◆ WHAT YOU ARE ASKED TO DO
Print the whole listing below exactly, skipping every picture.

◆ DATA PROVIDED

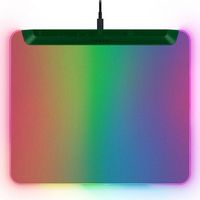 Razer - Firefly V2 Pro Gaming Mouse Pad with Chroma RGB Lighting - Phantom Green
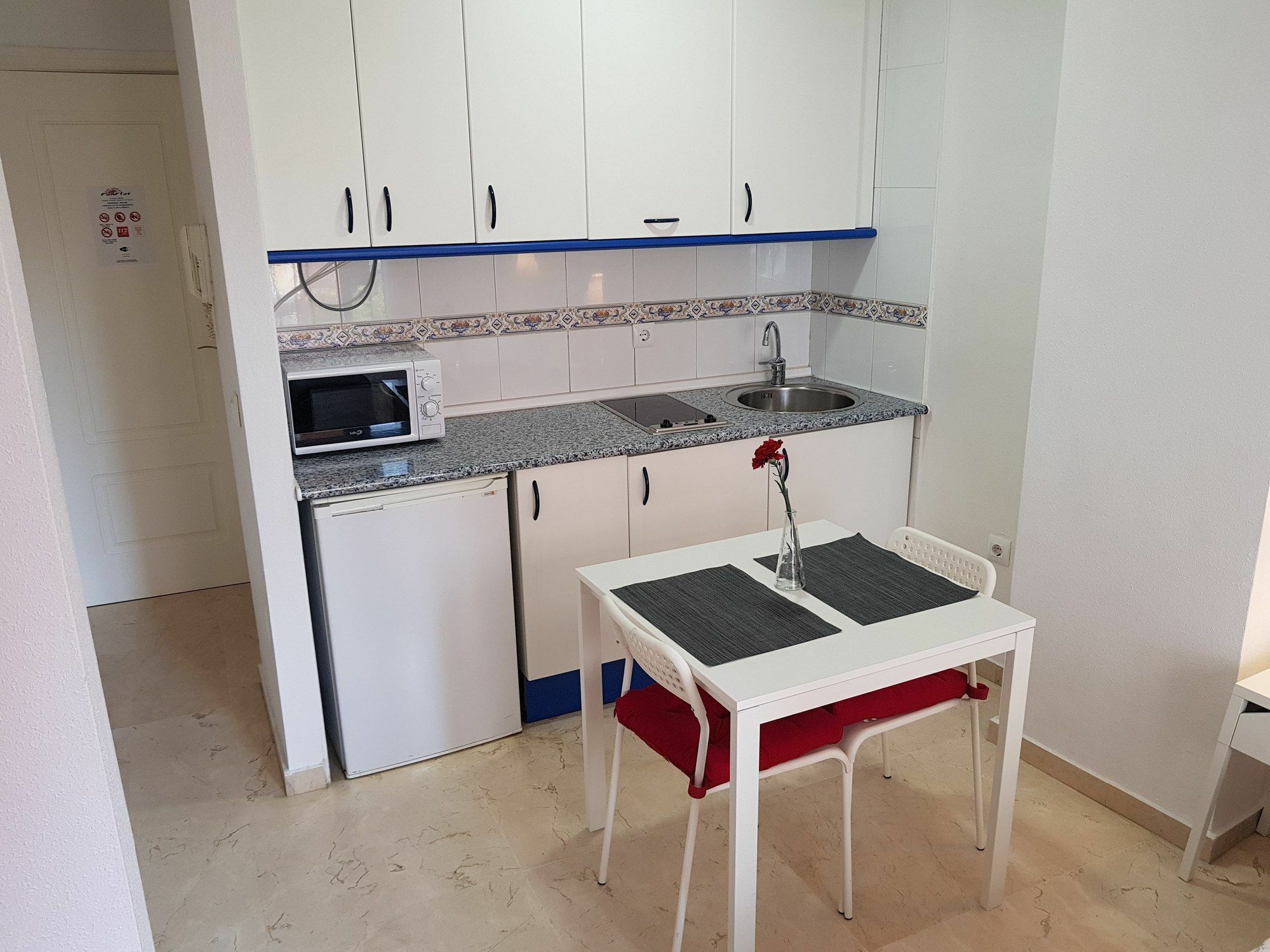 Fan Flat Mariscal Daire Málaga Dış mekan fotoğraf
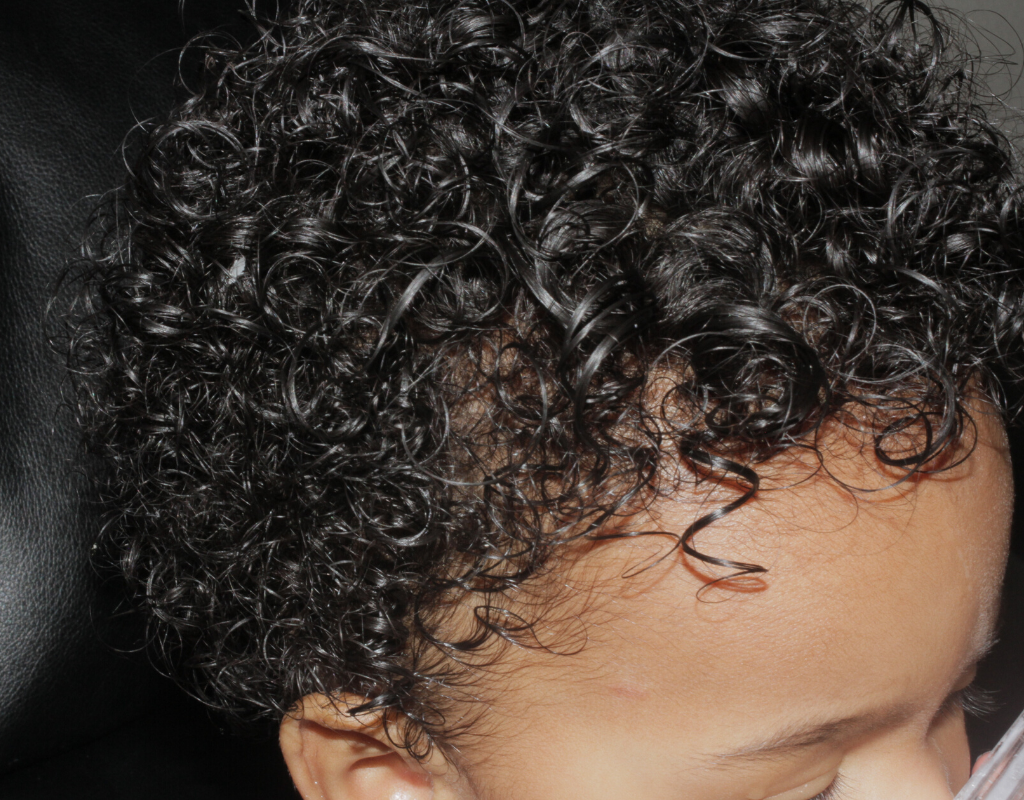 Curly Baby Hair How To Style And Maintain Complete Guide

◆ SOLUTION
 Razer - Firefly V2 Pro Gaming Mouse Pad with Chroma RGB Lighting - Phantom Green
 Fan Flat Mariscal Daire Málaga Dış mekan fotoğraf
 Curly Baby Hair How To Style And Maintain Complete Guide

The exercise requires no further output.